Mental Illness and Foreign Accents

Posted January 17th, 2008 by
Categories: Mental Illness, Research

It can be interesting to read the statistics of this blog and look at those keywords that have brought visitors here from the search engines. Two keyword phrases that have brought visitors are “people with mental illness talk in foreign accents” and “mental illness british accent.”

mouth

photo by Phinias H

That caught my interest. I have not actually said anything about my son, DS, having an accent, but it is true that most people notice that my son has an interesting way of speaking. This was true for most of his life and long before his diagnosis of schizoaffective disorder. He was born and raised here in Georgia, in the USA, but he does not have an American southern accent. Sometimes when meeting amiable people for the first time they will ask him where he is from. It is kind of funny to watch their reactions when he answers, “I’m from Atlanta.” My son’s way of speaking comes from his Asperger’s syndrome. Asperger’s is considered by some people to be a form of autism or pervasive developmental disorder and is a developmental disability… DS can speak, has vocabulary, etc., but it has affected communication in him in number of ways. The only way I can think to describe his speech is to say that it is precise. Sometimes he overemphasizes certain consonants and changes or softens certain vowels. It is really his own accent.

The only mention I have made of accents on this blog is in the people who have been caretakers for my son in personal care homes. It seems in this area that most personal care homes are owned and run by people with foreign language accents. The PCH my son entered last August was managed by a woman with a British accent. I believe that CA, the woman who takes care of my son today, is from Jamaica, since she mentioned something once about making a telephone call to a relative there.

Speaking of British accents, today this blog ranks about fourteenth of so in Google search for the phrase “mental illness british accent,” and nearly all the previous results are about a certain celebrity whose mental health is in question because of her recent behavior… including (supposedly) recently acquiring a British accent.
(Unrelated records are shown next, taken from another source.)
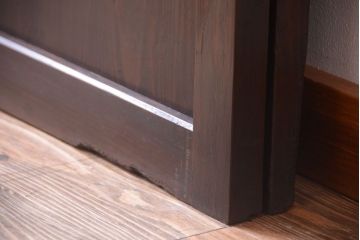 【I様ご成約済み・ご決済用】古民具・骨董　明治期　古い木味のアンティーク帯戸2枚セット(3)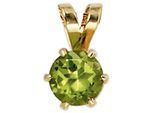 Kettenanhänger JOBO "Anhänger mit Peridot 10 mm", gelb (grün, grün), Schmuckanhänger, Damen, Gelbgold 585, Kettenanhänger, 14 Karat 585 Gold
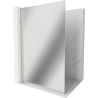 Mexen Kioto L Duschwand Walk-in 70 x 200 cm, Spiegel, Gold - 800-070-103-50-50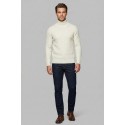 Refrigue dolcevita in misto lana e cotone punto treccia 2811w00162 [fee98322]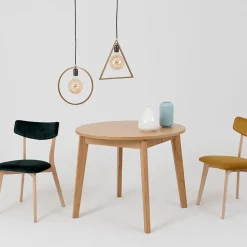 Table à manger ronde à rallonge en chêne 95cm Woodyou - Custom form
I do not have any particular interest in following celebrity news, but if she were to announce some mental illness diagnosis, it would capture my attention and perhaps garner her a mention here by name.

Having my curiousity aroused I did a little of my own searching and found this academic article here: Characteristics of Psychotic Patients With Foreign Accent Syndrome.
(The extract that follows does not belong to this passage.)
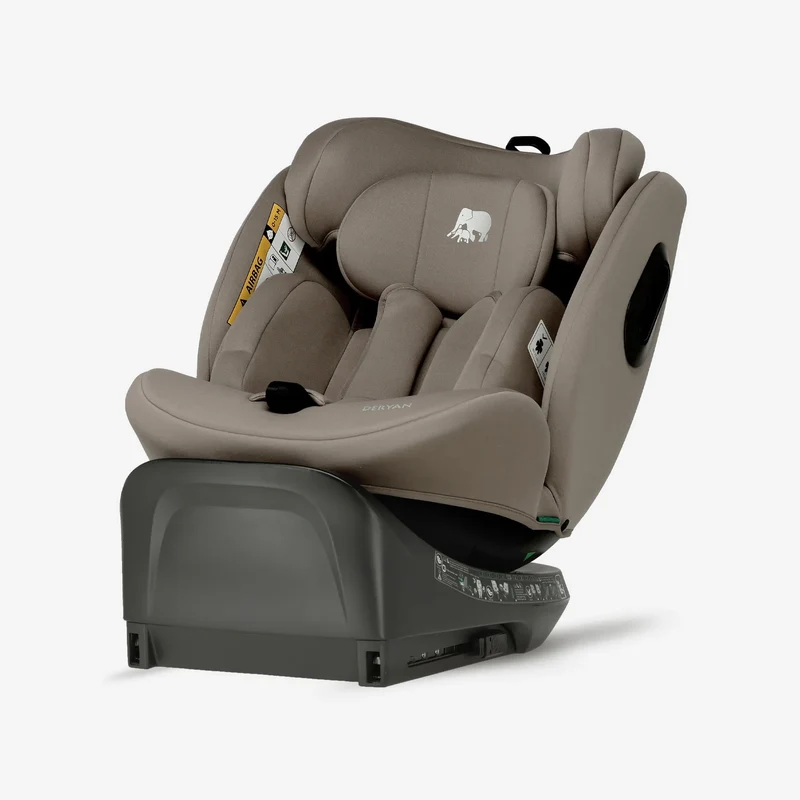 Carly Luxe i-Size-Autokindersitz 0–36 kg, Isofix, 360° – Truffle Nougat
The authors describe three patients with foreign accent syndrome during psychotic episodes which resolve with improvement of psychotic symptoms. Psychotic symptoms were worse during the times patients had foreign accents, suggesting a relationship between the presence of the accent and the severity of the psychosis.

Unfortunately you have to pay $15 to read the full article. I thought I would give it a mention for the benefit of anyone else who stumbles upon this blog looking for that connection.

The brain is certainly a mysterious thing.